No, it had to do with fear. A dark shadow of terror had taken root deep within me, coloring every one of my thoughts, and ever since we’d touched back down in the city, it had grown in strength, threatening to choke me from the inside out. At my age, the window for having children was already getting smaller. I knew that.

But to be having irregular periods at thirty?

It couldn’t be a good sign.

Right?

I glanced again at the steel door handle, willing it to turn and allow the doctor inside. The nurse had already taken my temperature and weight along with my blood pressure and the other tests they did whenever I went into the office. With some luck, she wouldn’t mention to anyone else who exactly the patient in exam room B was, but if she did…

Well, I’d worry about that later.

For now, I just had to put all my energy into willing that door open.

All this stress and worry could be for nothing, after all. I simply couldn’t know for sure until the doctor appeared.

Which, after a few more menacing ticks of the clock, she did.

After glancing down at the tablet in her hand, she grinned at me and clicked the door closed.
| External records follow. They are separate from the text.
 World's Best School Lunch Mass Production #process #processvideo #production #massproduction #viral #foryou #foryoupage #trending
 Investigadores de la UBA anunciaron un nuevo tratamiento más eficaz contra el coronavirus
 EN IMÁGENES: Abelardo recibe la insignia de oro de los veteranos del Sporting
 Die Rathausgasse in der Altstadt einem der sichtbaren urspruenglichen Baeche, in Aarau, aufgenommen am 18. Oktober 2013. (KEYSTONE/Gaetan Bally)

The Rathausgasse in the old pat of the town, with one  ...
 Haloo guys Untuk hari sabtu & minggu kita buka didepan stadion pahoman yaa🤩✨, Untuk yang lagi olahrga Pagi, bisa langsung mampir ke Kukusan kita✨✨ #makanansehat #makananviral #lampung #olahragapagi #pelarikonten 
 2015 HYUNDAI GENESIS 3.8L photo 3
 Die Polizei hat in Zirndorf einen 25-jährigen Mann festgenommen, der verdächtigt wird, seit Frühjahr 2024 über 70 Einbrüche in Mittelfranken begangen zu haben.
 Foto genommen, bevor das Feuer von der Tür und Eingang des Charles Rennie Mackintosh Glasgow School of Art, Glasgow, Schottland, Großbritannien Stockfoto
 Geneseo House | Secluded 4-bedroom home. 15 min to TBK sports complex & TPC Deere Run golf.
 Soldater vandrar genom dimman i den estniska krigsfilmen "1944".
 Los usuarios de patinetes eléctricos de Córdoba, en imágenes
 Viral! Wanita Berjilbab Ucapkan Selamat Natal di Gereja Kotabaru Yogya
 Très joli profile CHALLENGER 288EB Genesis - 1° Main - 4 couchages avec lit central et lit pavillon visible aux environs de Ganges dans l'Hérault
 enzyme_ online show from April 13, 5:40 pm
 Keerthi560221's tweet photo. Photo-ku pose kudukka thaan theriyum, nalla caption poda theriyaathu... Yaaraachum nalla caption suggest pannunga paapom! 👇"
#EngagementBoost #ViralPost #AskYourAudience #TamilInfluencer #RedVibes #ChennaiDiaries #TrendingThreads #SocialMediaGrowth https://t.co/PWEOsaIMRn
Carefully she made her way to the rolling stool in front of the little granite countertop in the room and then spun around to face me.

Slapping her hands against her knees, she said, “Well, Miss Matthews, I’ve taken a look at your chart and I understand you’re having a few concerns about your fertility, is that right?”

I gave her a shaky nod. “It’s just that I got my period really late last month and then it only lasted a little while before disappearing again.”

She pursed her lips, looking like she was concentrating deeply on every word I said, then tilted her head to the side, letting her brown ponytail spill onto the counter behind her.

“Has this over happened before?”

I nodded. “Once or twice.”

“May I be frank with you, Miss Matthews?”

“Bren,” I corrected her. “And yes, absolutely.”

My stomach tightened and I linked my fingers together in my lap.

“You are right to be concerned about your fertility. At age thirty, sporadic or irregular periods tend not to be a good sign. But there’s no reason to be scared, okay?”

No reason to be scared? I felt like she was the big bad wolf, blowing down my entire house of twigs and leaving nothing but a desolate patch of dirt in her wake. A whole plot of nothingness where not even a weed would grow. Mason’s face, crumpled and disappointed, flashed through my mind, but I forced myself to nod and listen to what she had to say next.

“Now, it says on your chart that you’re not looking to conceive anytime soon, but we can still run some tests and see what’s going on. From there, we’ll know what our options are.”

“And if I’m—” I started, then choked on the words and tried again. “If I can’t have a baby naturally, what are the options?”

The doctor hugged her tablet to her chest, crossing her arms over the top of it. “Well, if there’s an issue, which there may not be, you might opt for an egg retrieval.”